À votre avis, quel état des lieux dans le contexte marocain ?
Le contexte marocain ne peut être retiré d’un contexte global. L’effet Dunning-Kruger est d’autant plus visible avec la disponibilité des réseaux sociaux. En fait, il est devenu très difficile de déceler le vrai de l’ivraie tant que beaucoup de monde se proclame en expert. Dans plusieurs domaines, il est difficile de faire la différence entre l’expert et le charlatan. À mon avis, le foisonnement des profils Dunning-Kruger dans la scène publique va nous mener à ce que le philosophe Alain Deneault a nommé la «médiocratie», c’est-à-dire l’instauration de la médiocrité en autorité.

Comment remédier à l’effet Dunning-Kruger ?
 Il existe un concept intéressant à ce sujet qui se nomme «la gestion de l’ignorance». Le défi central pour une entreprise n’est peut-être pas de gérer ce qu’elle sait, mais plutôt ce qu’elle ignore. La gestion de l’ignorance est essentielle pour maintenir une culture stratégique de performance. Ceci serait possible en s’instaurant en tant qu’organisation apprenante et en perpétuelle quête d’amélioration. Pour les mangers, il s’agit de faire des feed-back honnêtes à leurs collaborateurs et les aider à identifier leurs lacunes en s’appuyant sur des réalités concrètes, afin de les mettre face à leurs manquements et les amener à se corriger. Au niveau individuel, l’effet Dunning-Kruger peut être combattu par l’exercice de l’auto-réflexivité et la remise en question.

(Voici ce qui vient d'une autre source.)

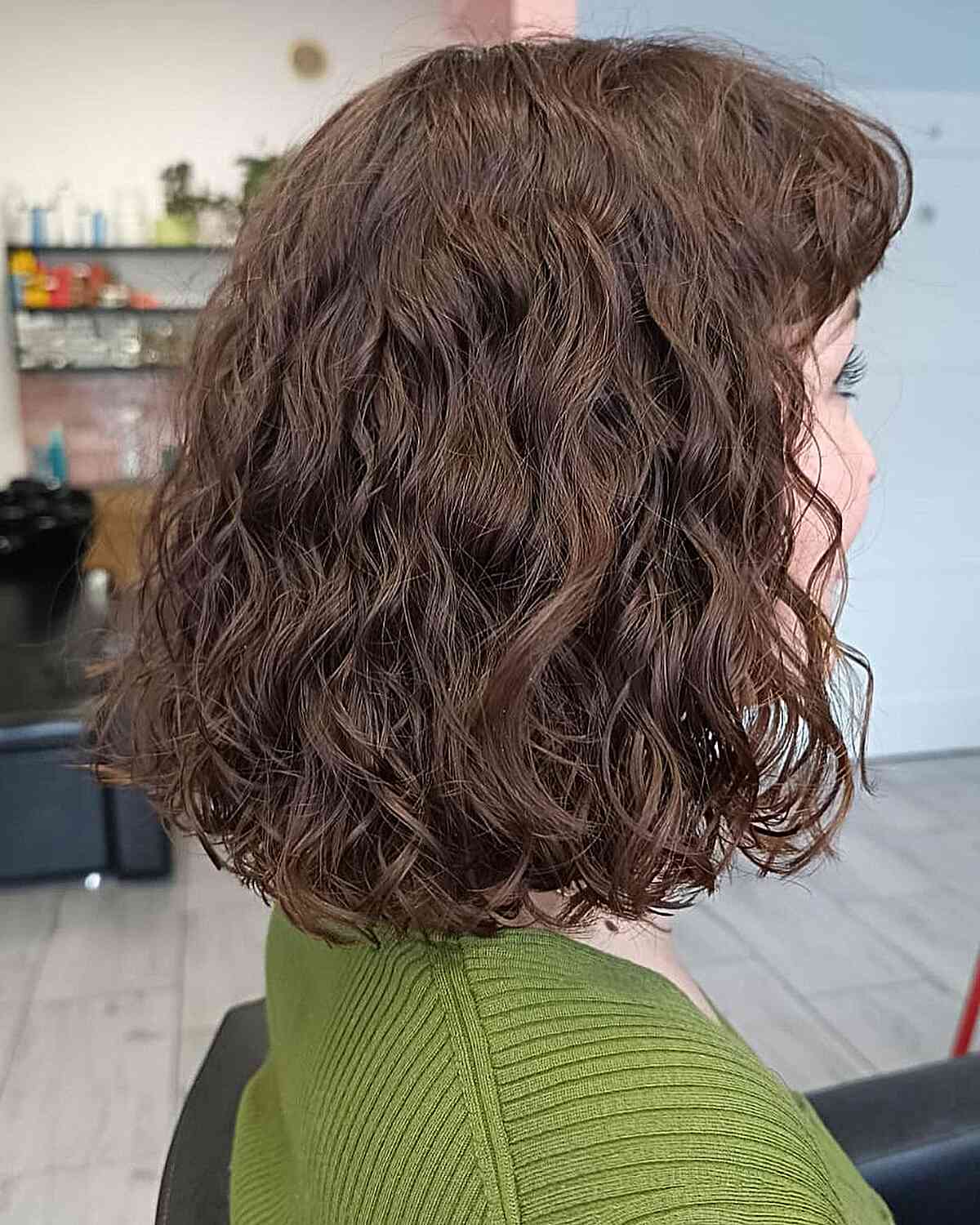 Have You Seen The Body Wave Perm Hairstyle Yet? If Not, You Have to See These 25 Examples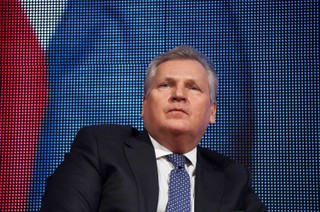 Kwaśniewski: 'PO już nie ochroni przed PiS. Pamięć IV RP się zatarła'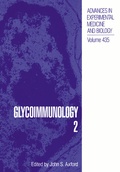Cover: Glycoimmunology 2 - Springer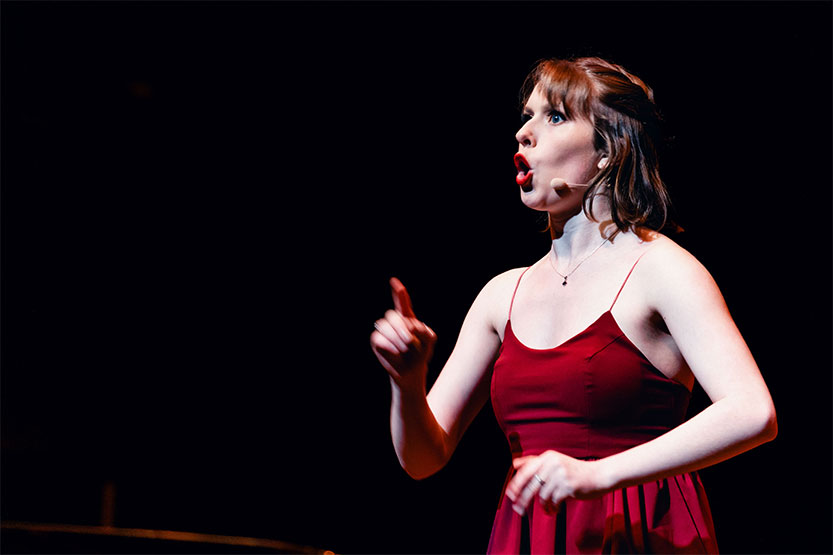 Meet VCA student Ellie Carroll
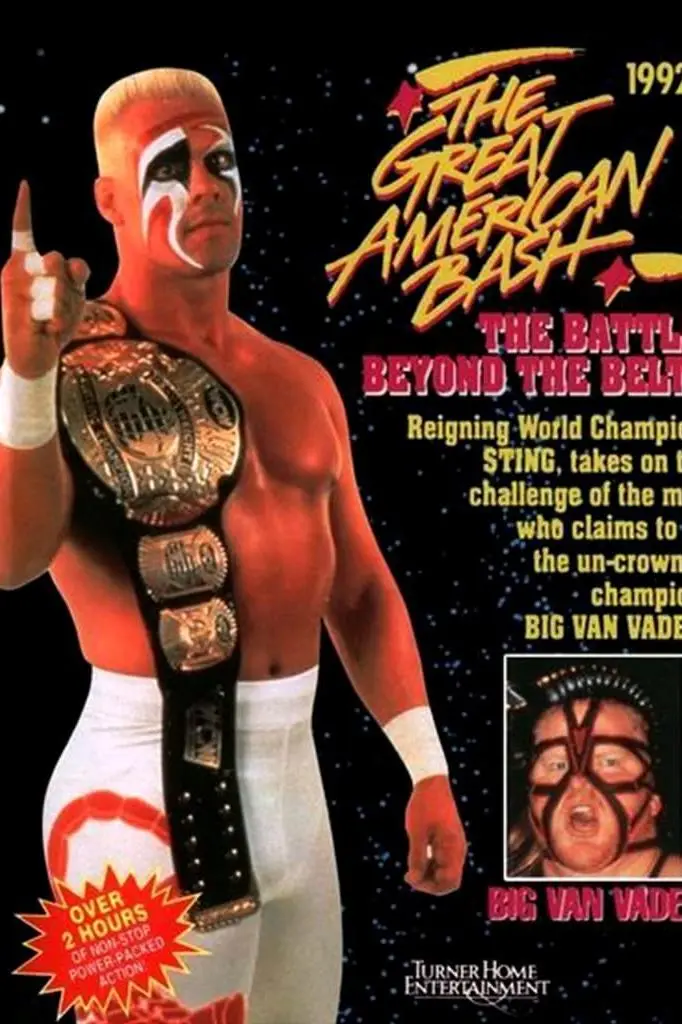 WCW the Great American Bash_peliplat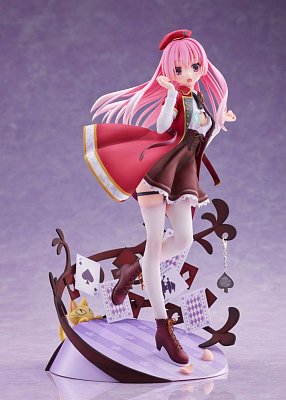 Riddle Joker PVC socha 1/7 Ayase Mitsukasa AmiAmi LTD Edition 25 cm
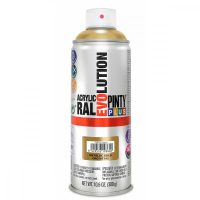   Spray festék Pintyplus Evolution MT192 Fémes 400 ml Arany MOST 12553 HELYETT 7044 Ft-ért!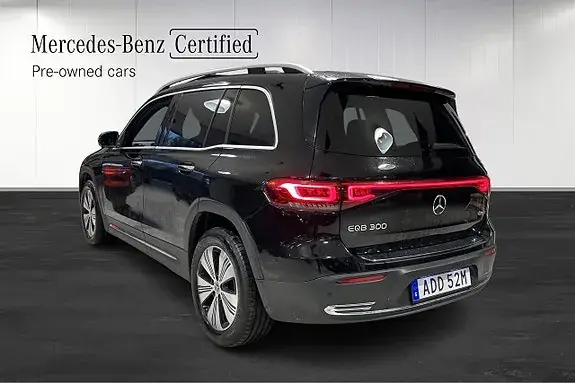 Mercedes-Benz Eqb 300 2022 photo 3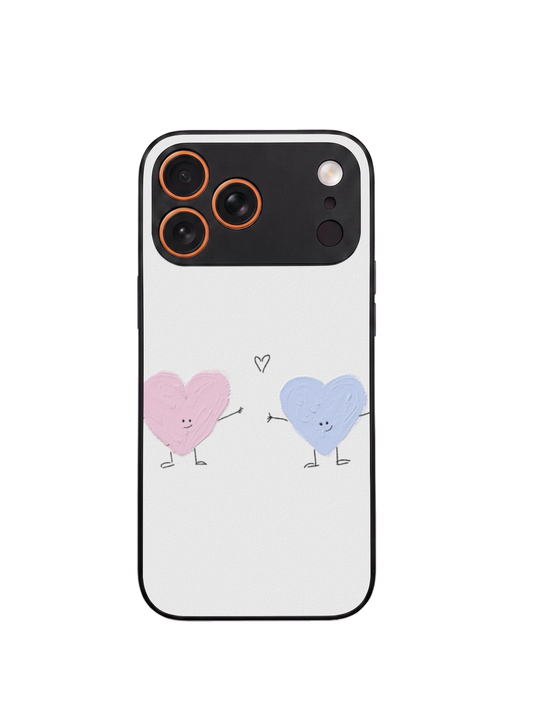 Beraber BFF 17 — Kişiye Özel Telefon Kılıfı ön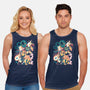The Beginning Of The End-unisex basic tank-1Wing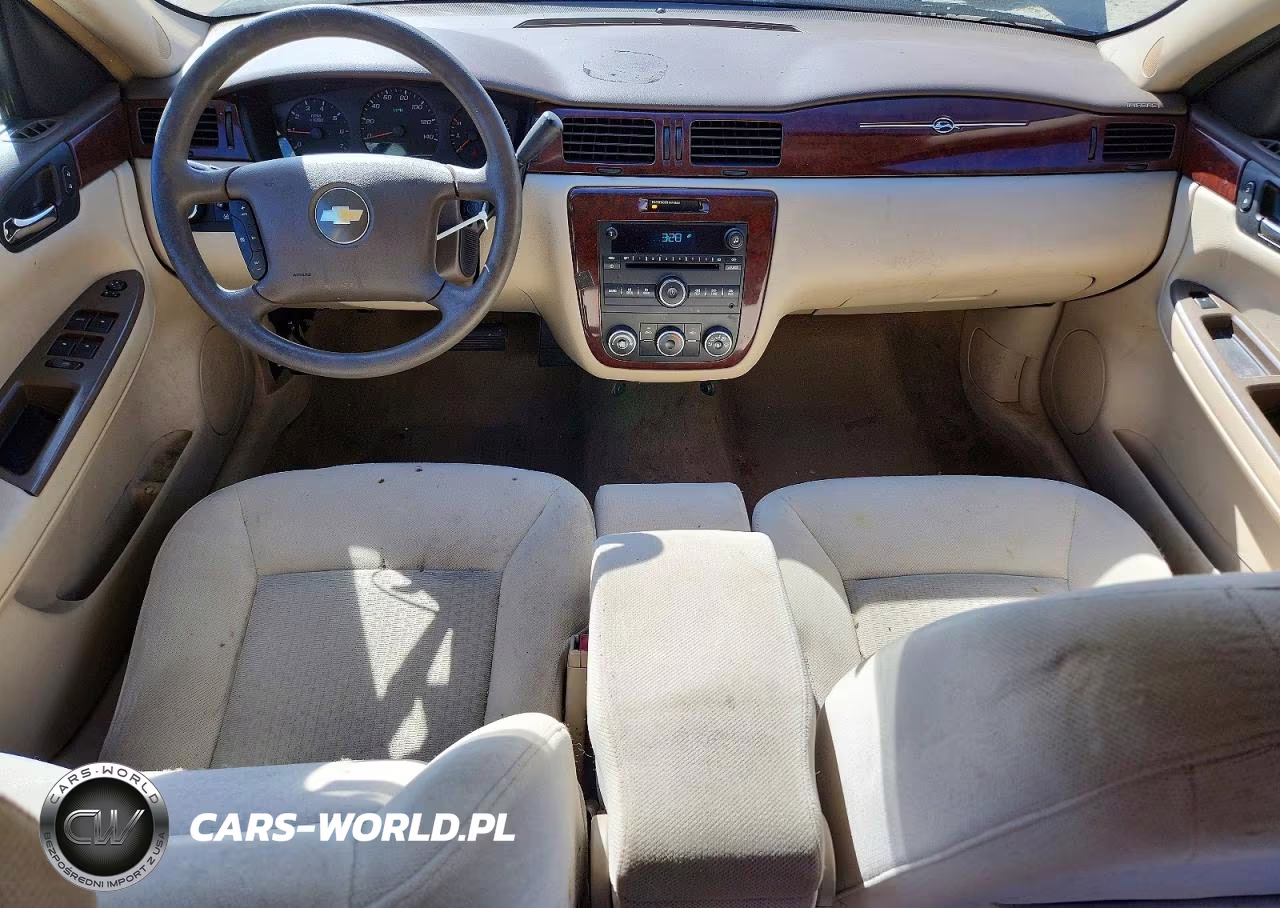 2006 Chevrolet Impala Ls VIN:2G1WB58K869150890 - 8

Il est conseillé de faire un travail sur soi en se posant des questions sur ses propres lacunes. Ceci implique de s’atteler à lever le voile sur sa zone aveugle et déchirer ce voile de l’ignorance. Il est possible de se référer à la théorie de l’ignorance en traçant la grille de quatre niveaux.
Le premier est celui de ce que «je sais que je sais» (niveau élevé de connaissance et faible niveau d’ignorance), le deuxième est celui de «je ne sais pas que je sais» (niveau élevé de connaissances et ignorance), le troisième est celui «je sais que je ne sais pas» (faible niveau de connaissance et ignorance) et le dernier est celui de «je ne sais pas que je ne sais pas» (faible niveau de connaissance et haut niveau d’ignorance). Une écoute attentive des feed-back des autres est aussi importante à ce sujet. Le regard des autres sur notre travail nous permet de revenir à la réalité.

Quelles actions peut-on mettre en place en interne pour favoriser un esprit de compétitivité basé sur la créativité ?
L’entreprise peut favoriser un esprit de compétitivité basé sur la créativité en favorisant les interactions et les relations tout en misant sur le respect mutuel et la confiance. Il est recommandé ainsi d’encourager la volonté pour partager ses idées, exposer son ignorance, poser des questions difficiles et écouter attentivement.